In his entire career, Johnson played just 39 games against the Celtics — 20 in the regular season, and 19 in the Finals. James has played 78 games against the Celtics, practically a full season — 46 regular-season matchups (in which he’s averaged 29.6 points per game, his highest against any opponent) and another 32 in the postseason.
James took plenty of grief earlier in his career for his perceived playoff failings against the Celtics, but much of it isn’t fair. In the Celtics’ 2007-08 championship season, they defeated the Cavs in seven games in the Eastern Conference semifinals, their first postseason showdown with James.
But it was no fault of LeBron’s. If anything, it was a tribute to his greatness. He scored 45 points in a 97-92 loss in Game 7 in which the Cavs’ other starters were Delonte West, Ben Wallace (yep, he played for Cleveland), Zydrunas Ilgauskas, and Wally Szczerbiak. Not exactly the Dream Team there.

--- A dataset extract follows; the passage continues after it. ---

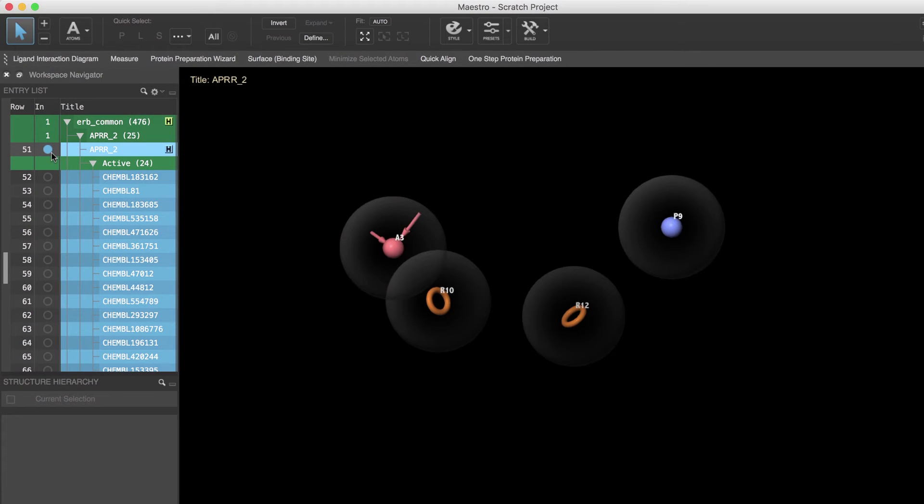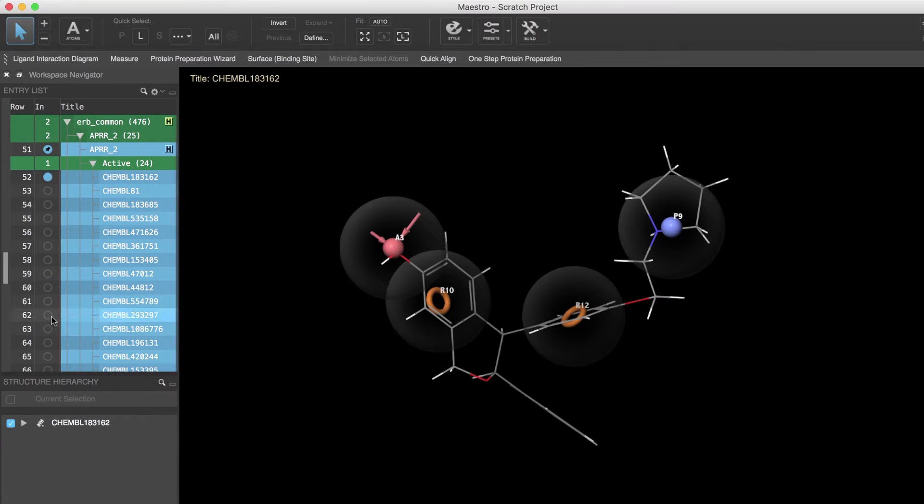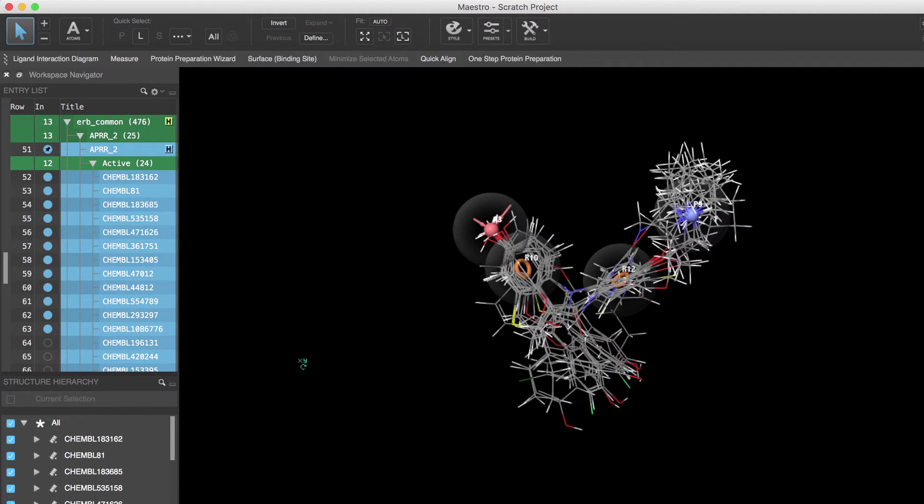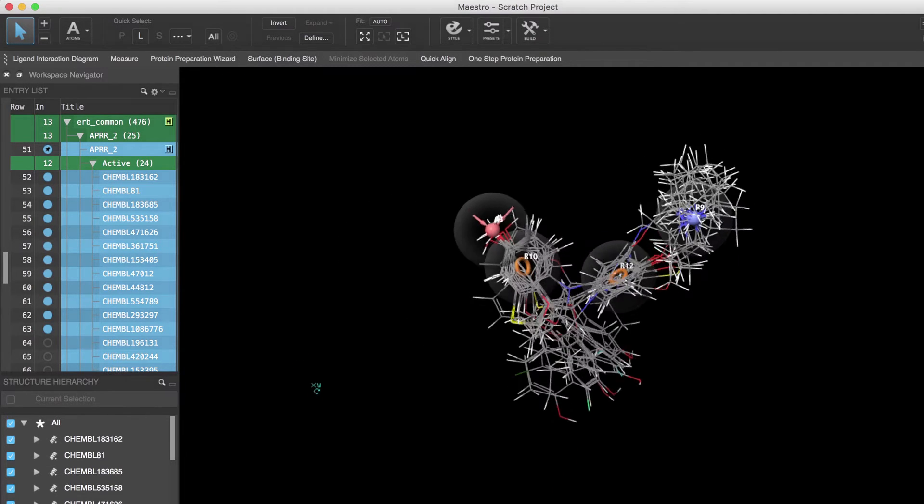In this video exercise we will create common pharmacophore hypotheses from a diverse set of known estrogen receptor ligands as found in the phase tutorial. So let's begin.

It did seem the Celtics were in James’s head two years later when they ousted the Cavaliers in six games en route to the Finals. The Celtics pasted the Cavs, 120-88 in Game 5, then closed out the series with a 9-point win at TD Garden, James memorably ripping off his jersey as he left the parquet. A month later, there he was with Jim Gray, telling the world in an especially tone-deaf manner that he was taking his talents to South Beach.

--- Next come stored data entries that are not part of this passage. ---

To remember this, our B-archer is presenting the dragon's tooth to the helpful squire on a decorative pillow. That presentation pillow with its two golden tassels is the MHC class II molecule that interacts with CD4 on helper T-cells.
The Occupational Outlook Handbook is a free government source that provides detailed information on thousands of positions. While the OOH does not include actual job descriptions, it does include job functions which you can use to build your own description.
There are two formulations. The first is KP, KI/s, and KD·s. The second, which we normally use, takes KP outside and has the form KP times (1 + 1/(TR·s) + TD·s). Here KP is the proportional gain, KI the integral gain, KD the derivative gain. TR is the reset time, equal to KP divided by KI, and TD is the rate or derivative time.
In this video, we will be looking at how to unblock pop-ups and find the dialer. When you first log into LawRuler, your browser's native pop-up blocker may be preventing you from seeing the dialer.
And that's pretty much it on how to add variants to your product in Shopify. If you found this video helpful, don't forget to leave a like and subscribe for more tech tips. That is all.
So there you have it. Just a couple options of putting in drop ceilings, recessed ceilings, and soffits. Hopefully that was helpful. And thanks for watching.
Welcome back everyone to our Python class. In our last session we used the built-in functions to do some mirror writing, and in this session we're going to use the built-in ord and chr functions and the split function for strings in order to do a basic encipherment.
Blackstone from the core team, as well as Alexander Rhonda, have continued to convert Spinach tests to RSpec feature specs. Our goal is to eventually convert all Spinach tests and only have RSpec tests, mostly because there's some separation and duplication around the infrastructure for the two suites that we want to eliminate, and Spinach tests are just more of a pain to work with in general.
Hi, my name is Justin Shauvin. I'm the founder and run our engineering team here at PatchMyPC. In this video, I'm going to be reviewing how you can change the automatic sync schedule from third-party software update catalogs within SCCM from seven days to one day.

The Celtics drove him to form his own superteam.
Since then, LeBron-led teams have bounced the Celtics from the postseason three times without retaliation. In 2011, the Heat ousted the Celtics, who were starting the husk of Jermaine O’Neal at center, in five games. The next year, the Celtics held a 3-2 lead over the Heat with the Celtics returning to the Garden for Game 6. James delivered a tour de force performance, emphasis on force, scoring 45 points and grabbing 15 rebounds in a 98-79 win that many consider the turning point in his career. He scored 31 in the Heat’s Game 7 win .

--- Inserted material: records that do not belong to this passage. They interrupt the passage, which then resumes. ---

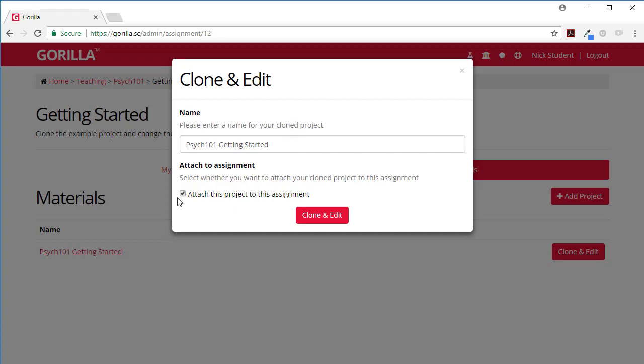You can also attach this project to the assignment and what that would mean is then all the work you do within that folder your professor would be able to see and then ultimately they'd be able to mark it. So yeah clone and edit is what you want to do.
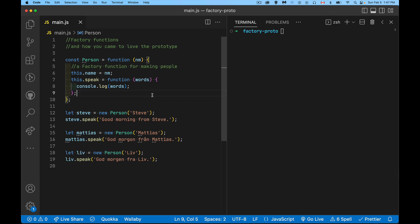All right, so today we're talking about factory functions and the prototype object and why we need the prototype object. What benefit is there to us by having the prototype object?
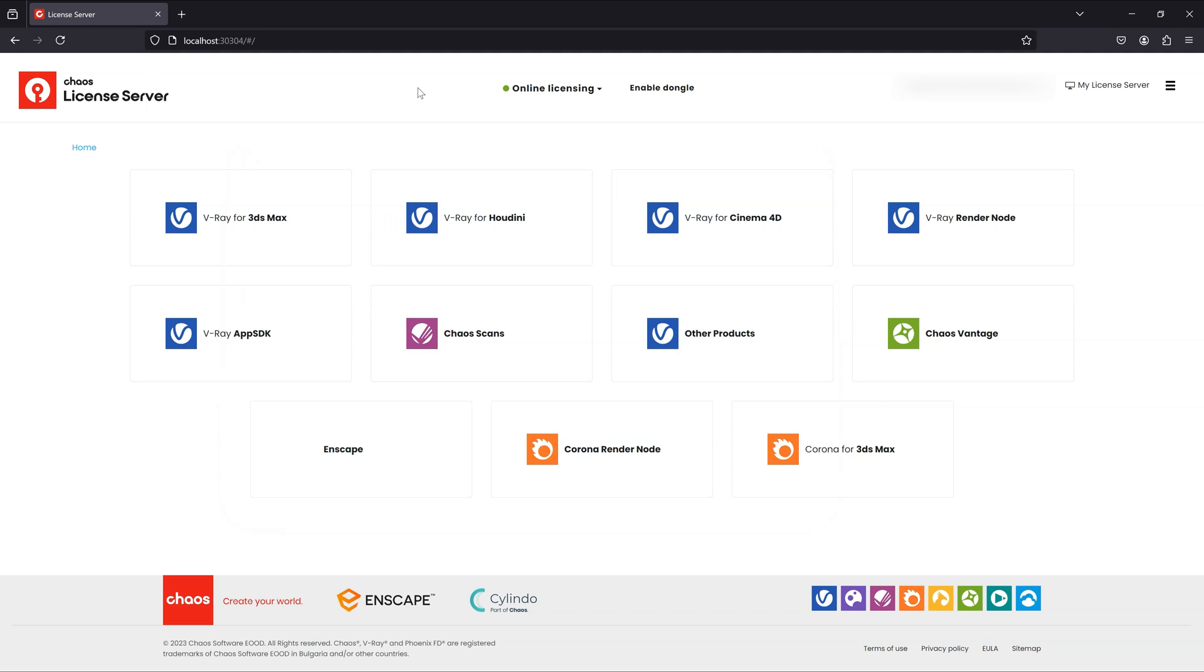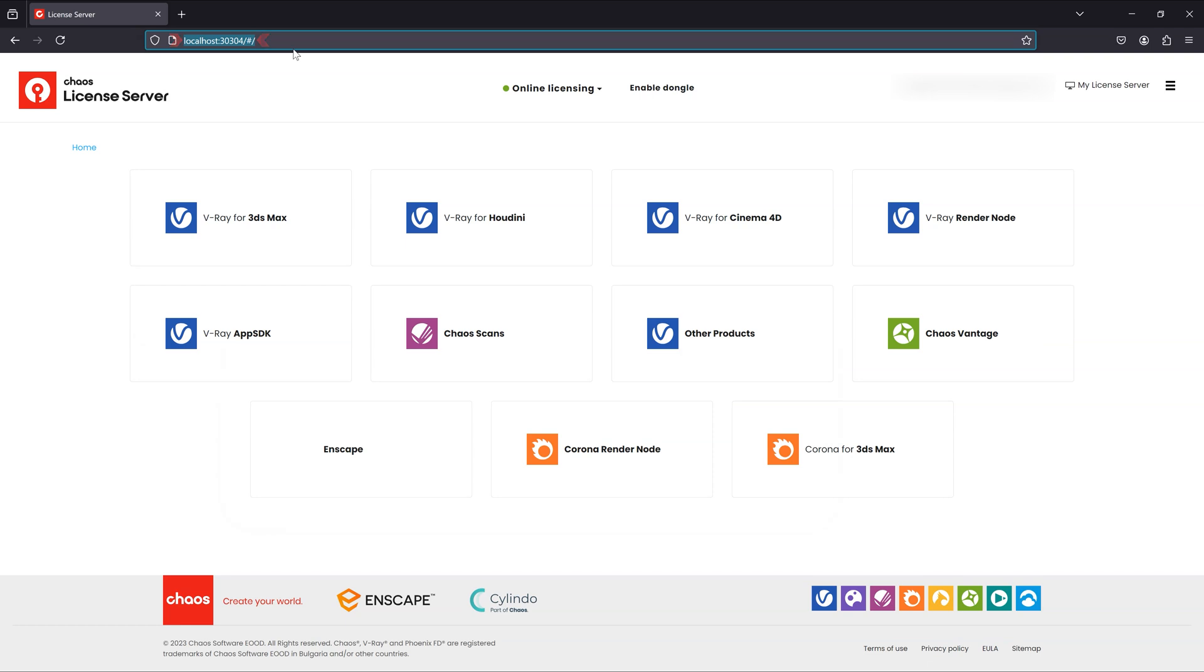To access the Chaos license server, open any browser and type localhost colon 30304 in the address bar.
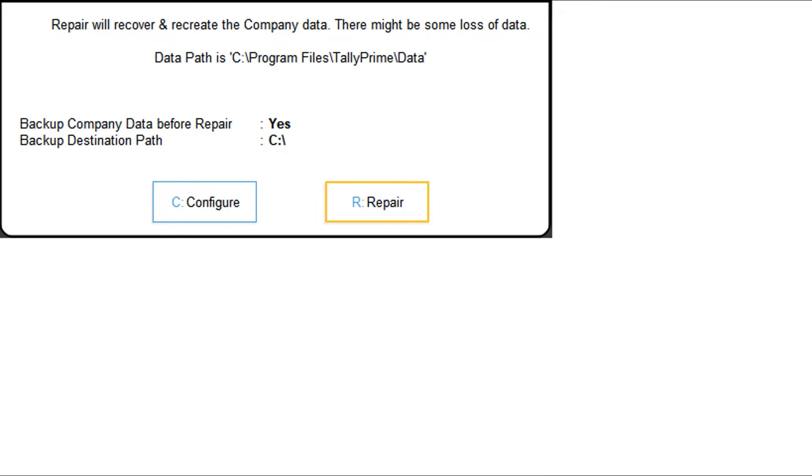In the Repair Company Data screen, configure the options as needed. Press R to repair the data. Once the repairing procedure is complete, you will be able to access your restored data.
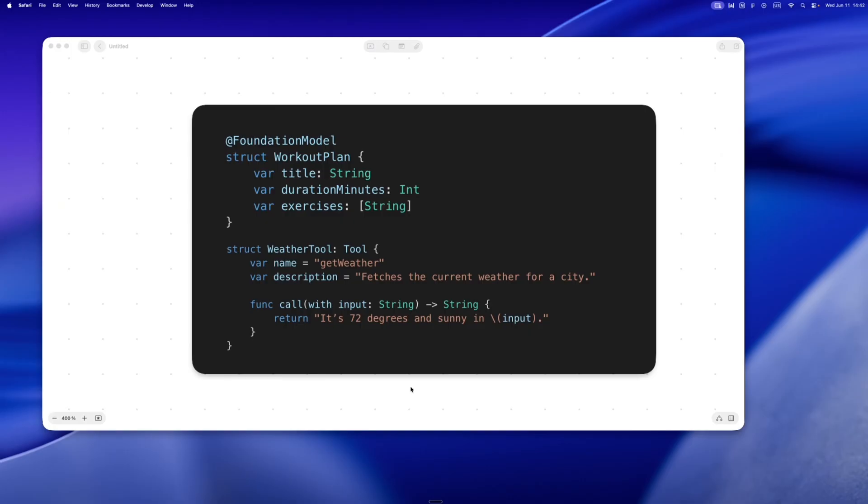That's not just text generation, that's reasoning and execution. When I tried this out, I wired up a mock Pomodoro timer. The model read my prompt 'start a 25-minute Pomodoro' and it triggered the timer, like the actual Swift code executed.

Include the Cavaliers’ four-game sweep in 2015 in James’s Cleveland homecoming season, and the record shows that he’s 19-13 in his playoff career against the Celtics, including wins in 10 of the last 14. He’s been at least as successful as Johnson against the Celtics in a far larger sample size of games.
Johnson was 11-8 in the Finals against the Celtics, losing in seven games in 1984, then winning in six games in ’85 and ’87. His successes remain fresh and perhaps nostalgically frustrating in Celtics fans’ minds, such as his “junior, junior, junior” skyhook over the Celtics’ front line to win Game 4 of the ’87 Finals.
But he also wore the goat horns more often than history remembers. In ’84, he failed to get off a potentially tying shot off in Game 2, got the ball stolen by Robert Parish late in Game 4 (as well as clanging a pair of free throws), and turned it over to Dennis Johnson in the final minute of a Game 7 loss. Hard to fathom now, but Lakers fans stuck him with the nickname Tragic Johnson in the aftermath of his blunders.
It still eats at Celtics fans that Johnson won more titles than Bird (5-3). And viscerally it feels like those ’80s showdowns carried greater weight than these modern duels with LeBron. But he was not a greater nemesis to the Celtics than James is now — and Game 3’s odd 11-point output aside, James shows no signs of slowing down.
Of course, if sample size isn’t part of the equation, neither one of them was as much of a nuisance as peak Andrew Toney. But that’s a reminiscence for another day.